College writes to Secretary Michael Chertoff, US Department of Homeland Security, in support of health workers who fulfill ethical obligations in times of armed conflict
March 7, 2008
Secretary Michael Chertoff
U.S. Department of Homeland Security
Washington, DC 20528
Dear Secretary Chertoff:
I am writing on behalf of the 125,000 members of the American College of Physicians (ACP), the nation’s largest medical specialty society, to express our deep concern about the Department of Homeland Security’s opposition to granting asylum to health workers based on their provision of medical care to rebel troops.

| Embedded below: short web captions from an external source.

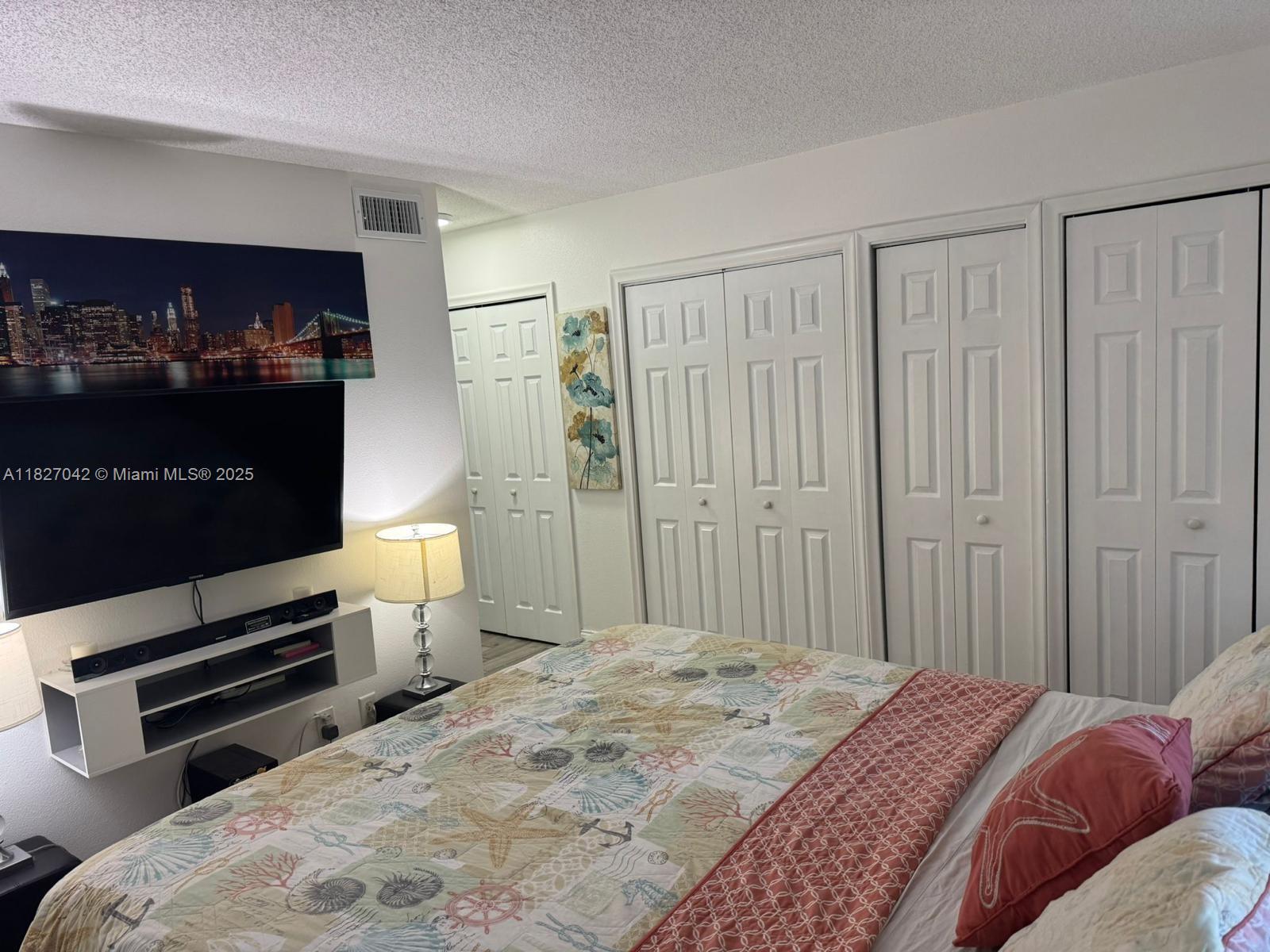 MEADOWBROOK CONDO APTS BL - Residential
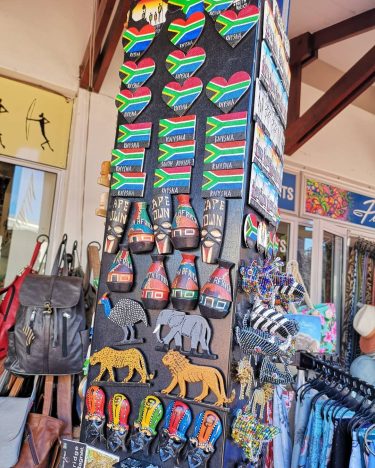 Souvenirs ???????? . . … #travels #souvenirs #southafrica #westerncape #gardenroute #knysna #travelphotographer #traveller #letsgo…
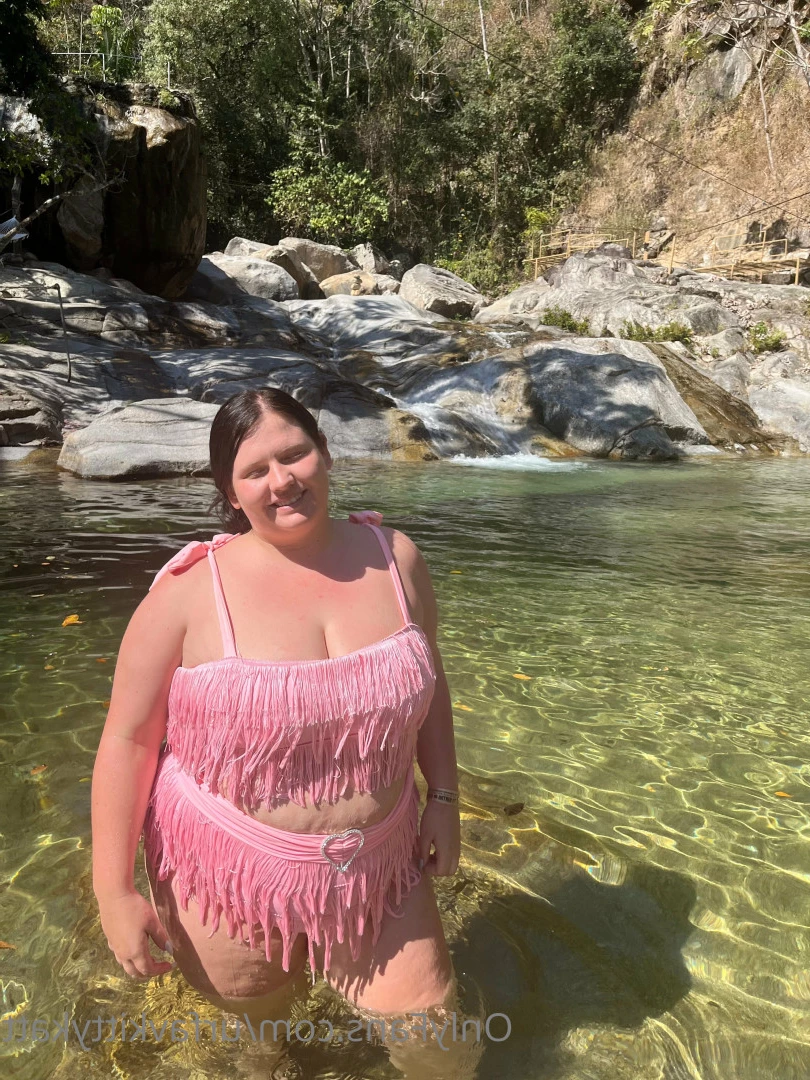🍭 𝑯𝑶𝑹𝑵𝒀  BBW KITTY 🐱 CHECK DMs 👀 [ urfavkittykatt ] Onlyfans leaked photo 6026039 on Hotleaks.tv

As stated in the ACP Ethics Manual “By history, tradition, and professional oath, physicians have a moral obligation to provide care for ill persons...A physician may not discriminate against a class or category of patients.” Health care workers serving sick and wounded independent of nationality or political affiliation during wartime, clearly demonstrate the principles of primacy of patient welfare, autonomy and social justice. We fear that the Department of Homeland Security in not granting asylum to health workers in recent years, fails to understand these ethical principles. Further, this appears to be in violation of the Geneva Convention, which clearly states that fulfillment of the obligation to care for the wounded and the sick should not affect one’s legal status.
Health professionals must be permitted to fulfill their ethical obligations. Like Physicians for Human Rights, we applaud these health workers for upholding those duties. As physicians, we are obligated by our ethics code to promote health and human rights. Therefore, we strongly urge you to reconsider your interpretation of the Immigration and Nationality Act [8 U.S.C. 1182 [a][B][iv][VI]]. We support an amendment of the Act to the language identified in bold below:
As used in this chapter, the term "engage in terrorist activity" means, in an individual capacity or as a member of an organization -
(VI) to commit an act other than an act carried out to fulfill medical ethics obligations that the actor knows, or reasonably should know, affords material support, including a safe house, transportation, communications, funds, transfer of funds or other material financial benefit, false documentation or identification, weapons (including chemical, biological, or radiological weapons), explosives, or training –[to a terrorist or terrorist organization].
The ACP believes that compliance with this interpretation of the Act and this amendment to reflect the intended interpretation would benefit not only all health workers, but all Americans.